Here’s Verizon’s answer: More than they used to be.
The wireless carrier is re-upping its deal with the NFL, and sources say it will pay more than $1.5 billion over five years to stream live games to its subscribers. Verizon is making the move in large part to boost the AOL and Yahoo properties it has spent billions on in the past few years.
Verizon’s last deal with the NFL, which runs through the current season, cost the carrier $1 billion over four years. That means Verizon is paying at least 20 percent more per season for the games.
The deal comes as traditional TV executives have started questioning the value of sports deals, even though live sports are one of the last things that can command big audiences. Leagues like the NFL, meanwhile, have been hoping that new buyers, like Facebook and Google, will come in and push the value of deals even higher.
Besides the price, the big change between the old deal and the new one is that Verizon won’t make the streams exclusive to its subscribers anymore. Instead, it will stream the games on a variety of Verizon-owned properties, including Yahoo, AOL, Go90 and Complex to any phone or tablet in the U.S.*; it will focus in particular on its Yahoo Sports hub.
As before, Verizon won’t stream every NFL game throughout the season: It will stream evening games on Sunday, Monday and Thursday nights, along with the games local TV affiliates carry (in New York City on Sunday, that meant I could stream the Giants-Cowboys, Jets-Broncos and Eagles-Rams games on my iPhone).
All of the games will be free, regardless of which carrier you have. I don’t know whether Verizon plans on offering its subscribers a deal on broadband usage, though.
Verizon will also get so-called “shoulder” content, which is media-speak for “not the thing that you really want but we think there’s some value in there anyway.” In this case, that means clips and highlights, and the right to call itself an Official Sponsor of the NFL.

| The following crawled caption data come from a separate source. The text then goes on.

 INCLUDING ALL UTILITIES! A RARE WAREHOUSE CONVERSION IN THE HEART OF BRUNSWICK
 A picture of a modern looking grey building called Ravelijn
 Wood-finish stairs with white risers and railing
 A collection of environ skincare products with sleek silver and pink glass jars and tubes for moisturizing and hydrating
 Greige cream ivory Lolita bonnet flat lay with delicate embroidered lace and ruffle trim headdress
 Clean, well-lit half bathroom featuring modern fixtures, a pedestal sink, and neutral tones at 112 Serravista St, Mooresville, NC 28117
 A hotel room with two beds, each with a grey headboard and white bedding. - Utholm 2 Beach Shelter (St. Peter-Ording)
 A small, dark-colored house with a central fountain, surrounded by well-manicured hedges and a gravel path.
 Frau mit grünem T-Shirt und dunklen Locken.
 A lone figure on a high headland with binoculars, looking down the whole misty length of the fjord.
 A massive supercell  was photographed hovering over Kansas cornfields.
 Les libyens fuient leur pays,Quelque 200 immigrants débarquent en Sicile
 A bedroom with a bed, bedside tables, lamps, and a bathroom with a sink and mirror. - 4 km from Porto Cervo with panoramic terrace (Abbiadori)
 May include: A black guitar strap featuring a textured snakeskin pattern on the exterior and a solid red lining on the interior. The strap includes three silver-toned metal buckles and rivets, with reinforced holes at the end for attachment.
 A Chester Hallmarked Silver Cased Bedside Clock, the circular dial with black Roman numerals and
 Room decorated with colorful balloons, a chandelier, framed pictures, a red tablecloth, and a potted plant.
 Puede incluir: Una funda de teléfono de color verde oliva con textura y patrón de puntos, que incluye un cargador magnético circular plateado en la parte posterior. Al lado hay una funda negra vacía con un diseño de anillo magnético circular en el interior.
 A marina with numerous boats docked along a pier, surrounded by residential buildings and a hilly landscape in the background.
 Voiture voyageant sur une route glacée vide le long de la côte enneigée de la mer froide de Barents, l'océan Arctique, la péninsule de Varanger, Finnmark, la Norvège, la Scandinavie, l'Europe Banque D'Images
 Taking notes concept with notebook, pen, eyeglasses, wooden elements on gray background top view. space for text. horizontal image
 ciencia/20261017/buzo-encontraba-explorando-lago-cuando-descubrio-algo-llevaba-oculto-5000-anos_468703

Big Takeaway: This reads like a Big Win for the NFL, at a time when the league could use one. It gets Verizon to pay more for its games, and distribute them more broadly than before.
It’s also a signal that Verizon still thinks it was a good idea to move into the media business. And that Verizon hopes buying up Big Deal sports rights will help establish its media bonafides, much like Rupert Murdoch did with Fox and the NFL many moons ago.
If you want to take the glass half-empty take, happy to help there, too: It’s also possible that this is the last big price hike the NFL will be able to enjoy. In that scenario, by the time its next big TV deals come up in a few years, the TV networks will be less willing to pay top dollar for sports, because audiences will keep melting away — and the digital guys won’t show up to replace the TV guys.
We’ll see. In the meantime, people who do like watching the football games on their phones will see an upside soon: Verizon and the NFL say they’ll have the expanded streaming deal in place at some point in January, and at the latest in time for the championship playoff games Jan. 21.
* The NFL, which manages to slice up the rights to its games more thinly than any league around, has kept the rights to stream games to PCs and, more crucially, internet-connected TVs, away from Verizon.